If any action can have a variety of results, good, bad, or indifferent, with the end result perhaps far removed from the original action, and since no one can know everything about a specific situation, can anyone be held morally accountable for anything? I was thinking about this just yesterday.

I would say that morality and ethics is what you do *with the fact-set at your disposal at the time*. No one (in that sense) can be held *absolutely accountable* for effect, except for a Supreme Being. But for intent, each of us can be held accountable for *our responses to the fact-set, as we understand it*.

In that sense, a man who wants to commit adultery but who has no *opportunity* to do so has (as mentioned in the Gospels) "committed adultery in his heart" already.
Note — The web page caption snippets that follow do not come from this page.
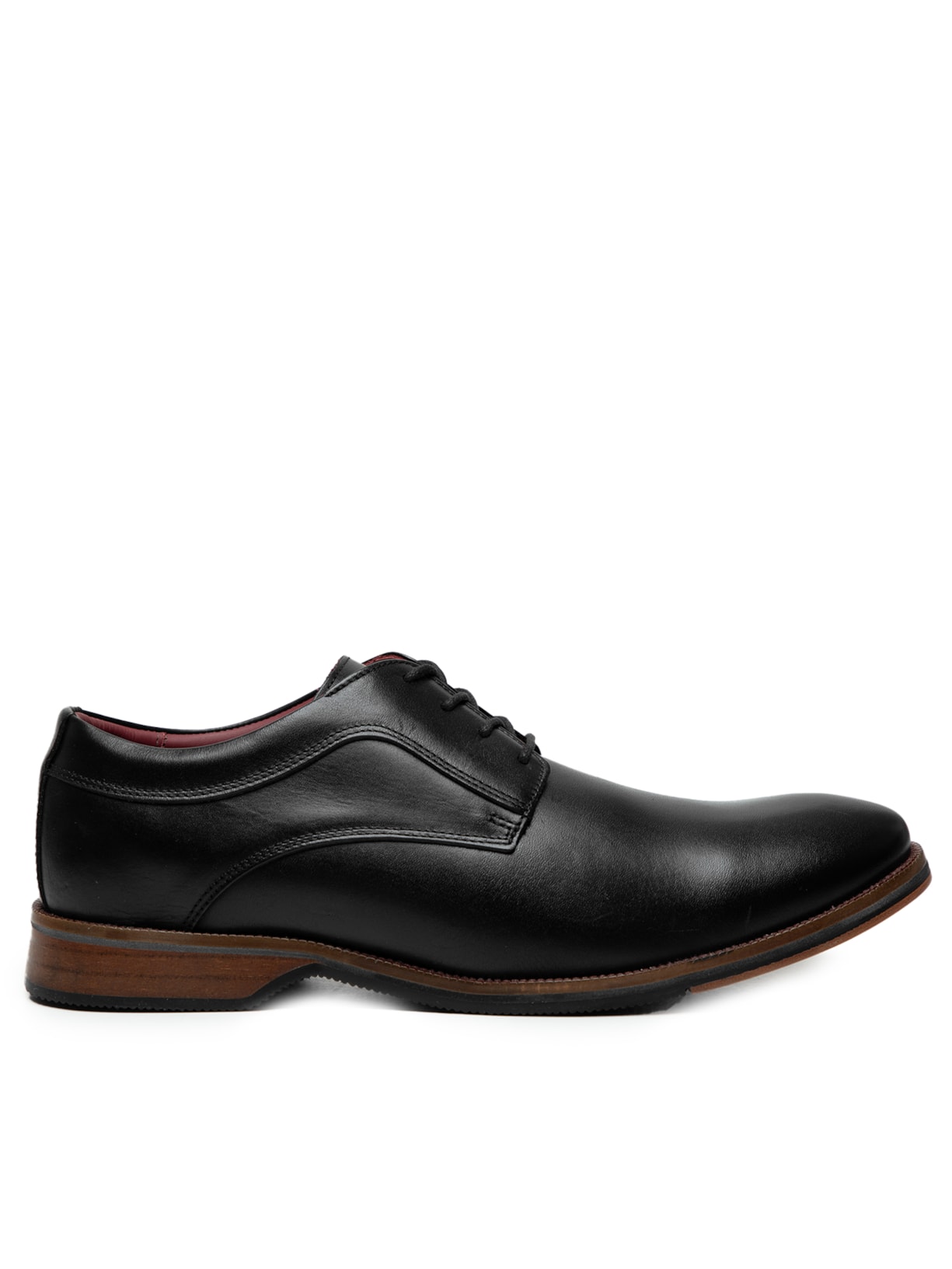 Sapato Masculino Oxford Em Couro - Preto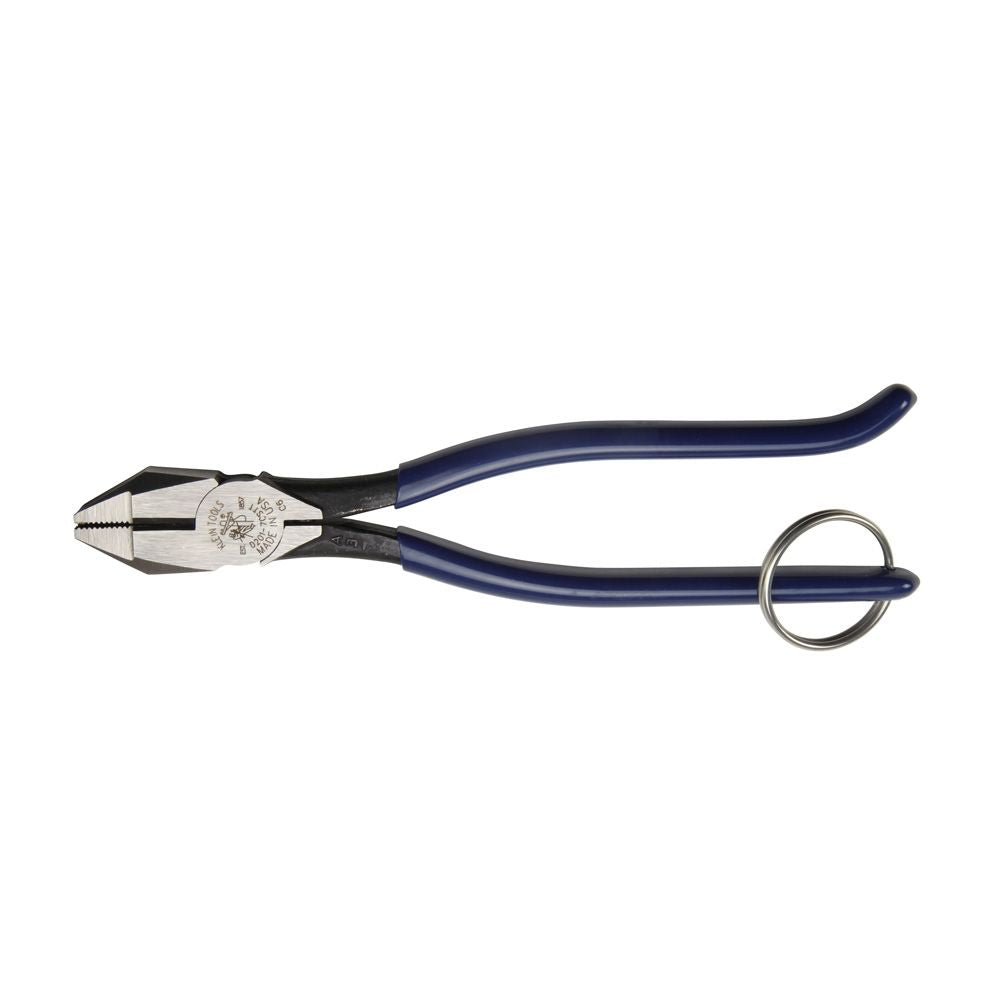 Klein Tools D201-7CSTA Linesman Pliers, Side Cutters with Spring Loaded  Action, Ironworker Pliers have Aggressive Knurl and Tempered Handles 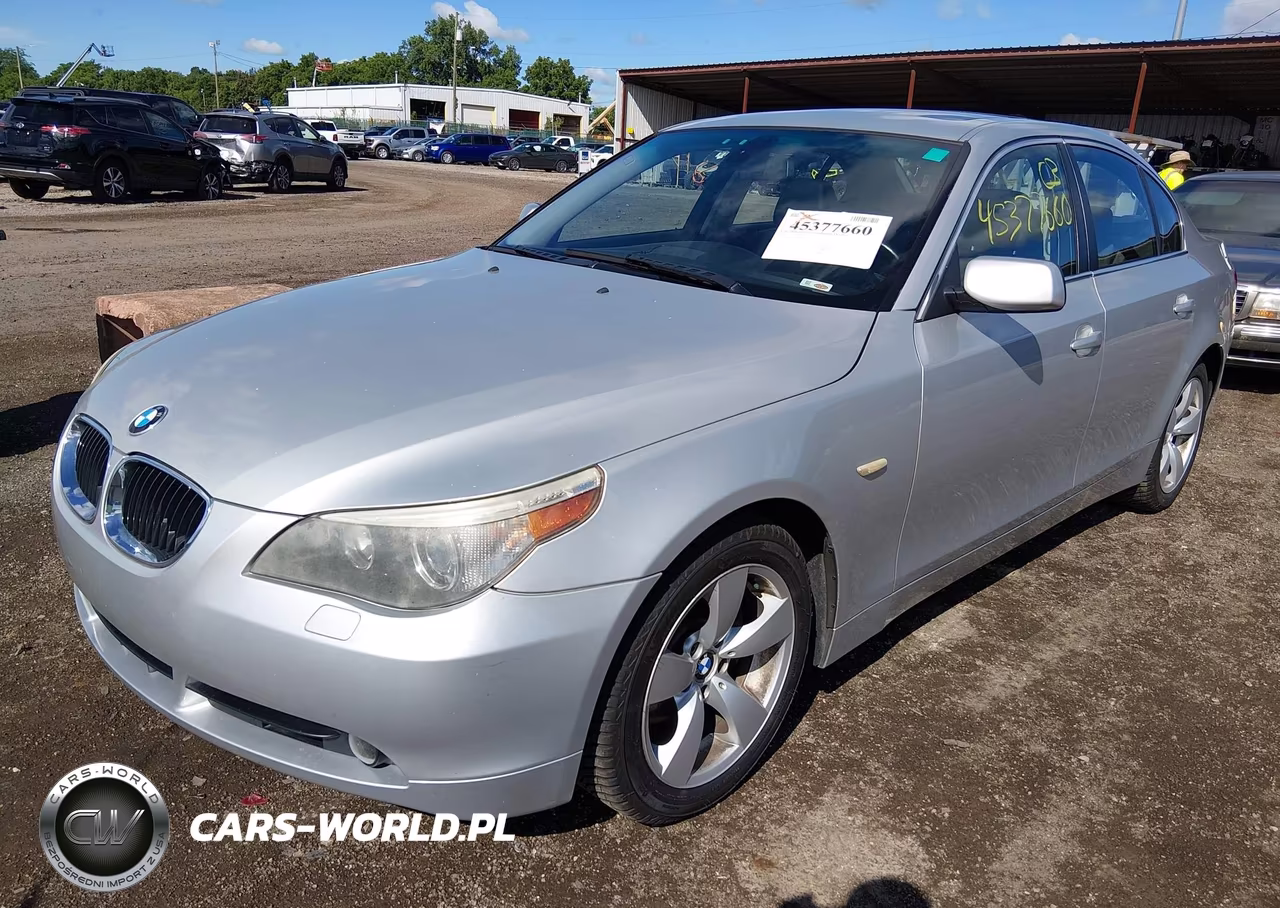 2005 BMW 525I VIN:WBANA53555B857530 - 2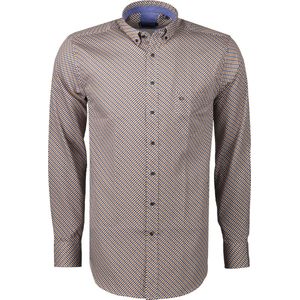Giordano Overhemd - Modern Fit - Bruin - L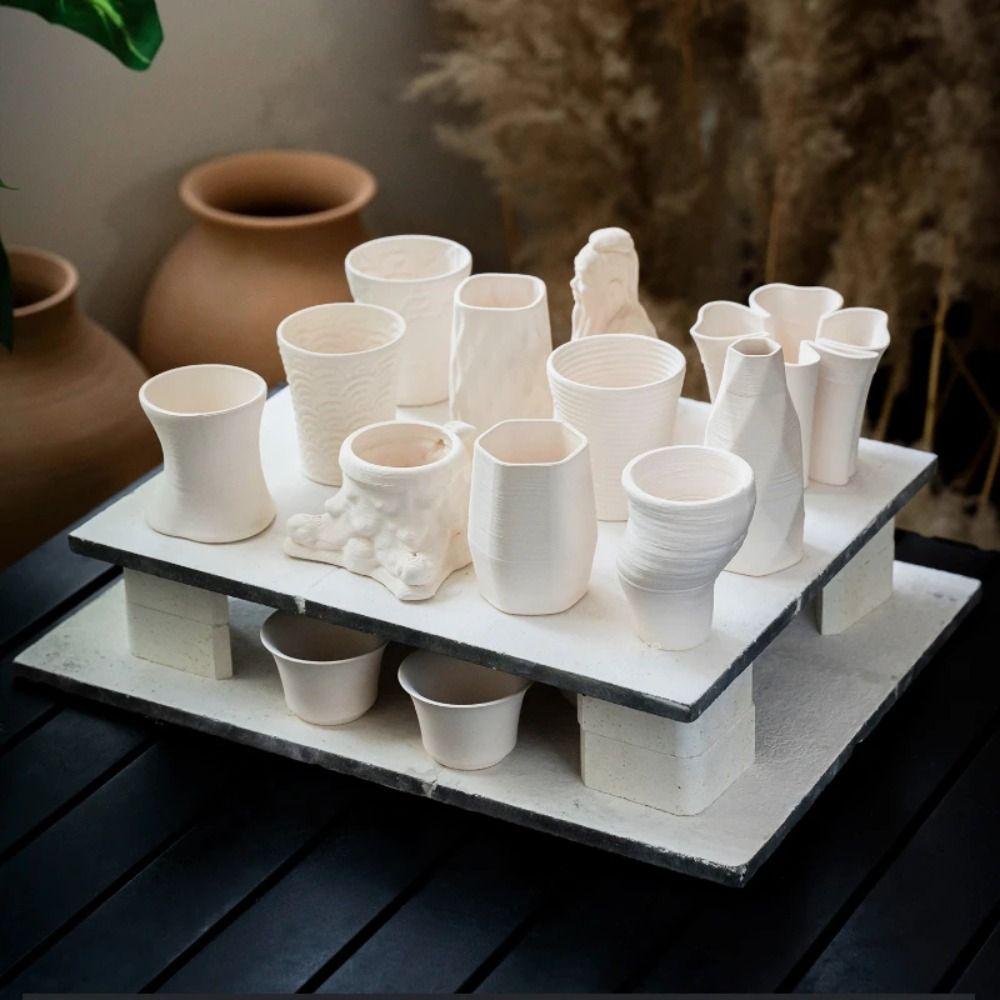 3/6/9cm Ceramic Kiln Tools L-shaped Pillar High Temperature Resistance Electric Kiln Shed Plate Kiln Furniture Pottery Making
Only circumstances prevent him. The same applies to murder or any moral infraction. The intent creates the personality, not the results. A priest may, by carelessly dropping a banana peel at the top of a stairwell, be the proximate cause of a death, but he has no intent to do so, while a psychopath without a banana peel can't cause anyone to slip and fall, although he wants to. This is the basis of the distinction between murder and manslaughter.

The psychopath is the greater threat to society.

A plan of murder may result in murder, but it may also result in the heroic efforts that prevent such a murder. In that case, the plot results, not in a murder, but in a heroic lifesaving effort. (Think of an arsonist who sets fire to an apartment block.)

Also, I would add that "end result" and "original action" are arbitrary points. There is no "end result" unless you specify one, nor is there an "original action," unless you specify one. Which gets us all the way back to the Prime Mover.